Title:
Use of Recycled Concrete Powder in Self-Compacting Concrete
Author(s):
H. Kasami, M. Hosino, T. Arasima, and H. Tateyasiki
Publication:
Symposium Paper
Volume:
200
Issue:
Appears on pages(s):
381-398
Keywords:
concrete wastes; high-range water reducer; recycled
concrete powder; self-compacting concrete; slump-flow
DOI:
10.14359/10590
Date:
6/1/2001
Abstract:
Although 37 million tons of concrete wastes have been generated annually in Japan, the use of recycled aggregate for concrete is limited because of low density and high absorption due to adhered cement paste and mortar. A new method to produce high qualty recycled aggregate by heating and grinding concrete rubbles to separate cement portions adhering to aggregate was developped recently.
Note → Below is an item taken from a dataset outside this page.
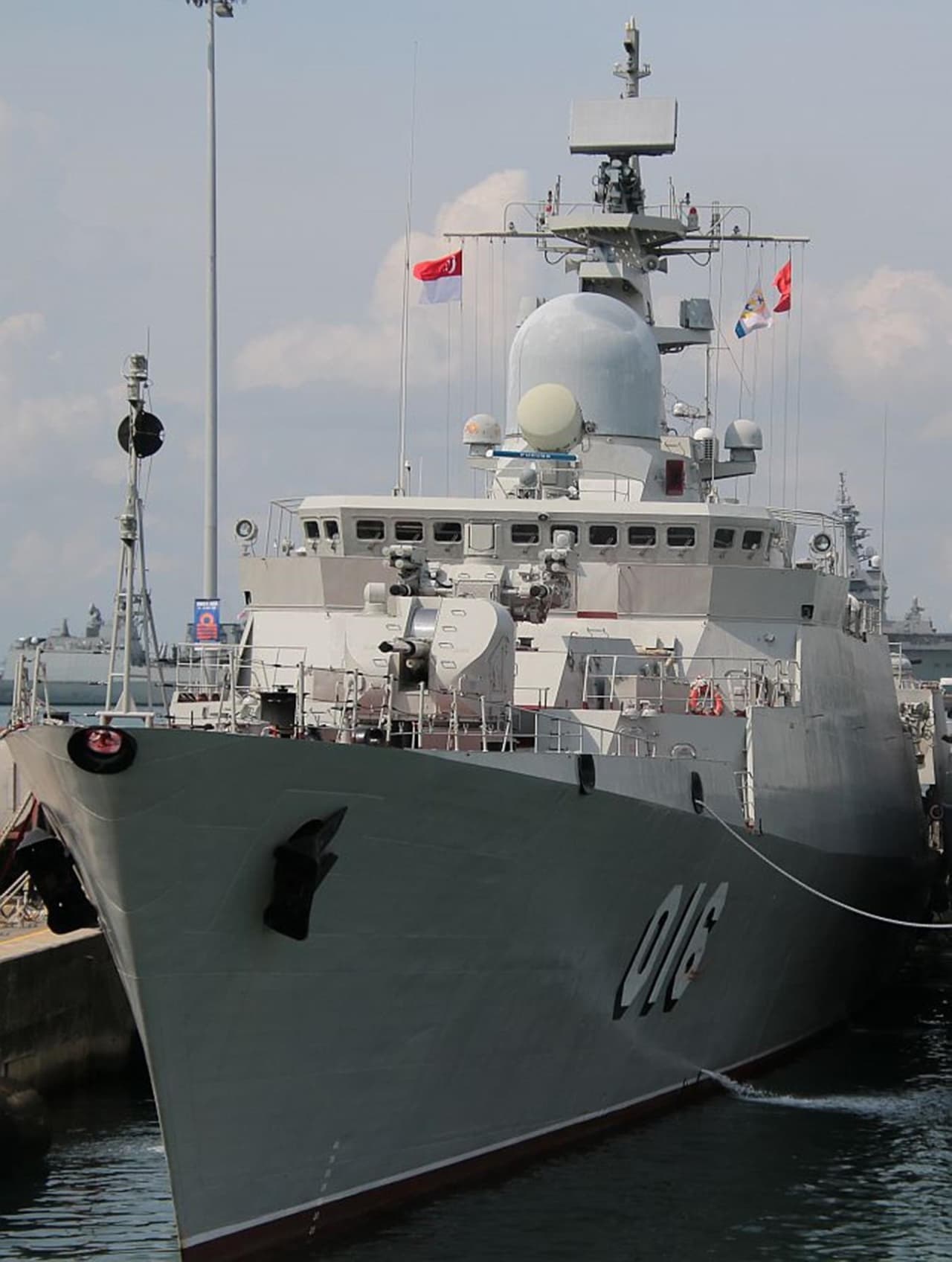 Lữ đoàn 162 thi đua bảo quản tốt trang bị kỹ thuật tàu thuyền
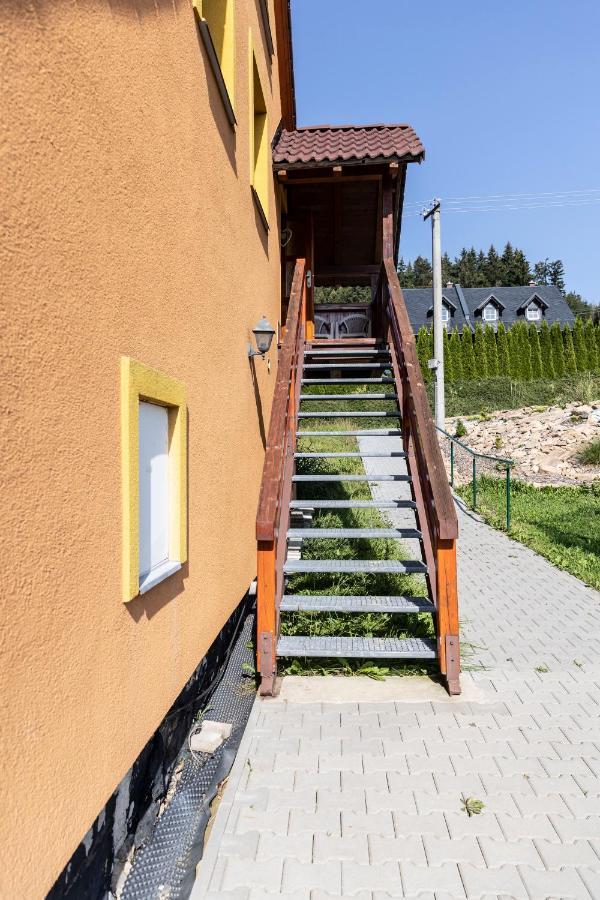 Vyprachtice L.V. Apartamento Exterior foto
In this process by-product powder with the fineness of 400 m/kg is generated. By-product recycled concrete powder consists of fine particles of hydrated cement and crushed aggregate. To utilize the recycled concrete powder as concrete additives two series of experiments were performed to make clear of the effect of recycled powder. Self-compacting concrete with recycled concrete powder, ground blast-furnace slag and ground limestone were tested for slump-flow, compressive strength, modulus of elasticity and drying shrinkage. Reduction in super-plasticizing effect of high-range water reducer was found for concrete with recycled concrete powder. Compressive strength of concrete with recycled concrete powder were the same as those with ground limestone, and lower than those with ground slag. Concrete with recycled concrete powder showed lower elastic modulus and higher drying shrinkage than those with ground slag and ground limestone. The recycled concrete powder is usable for self-compacting concrete without further processing, despite the possible increase in dosage of high-range water reducer for a given slump-flow and in drying shrinkage. The addition of ground blast-furnace slag together with recycled concrete powder to self-compacting concrete improved superplasticizing effect of high-range water reducer and properties of concrete .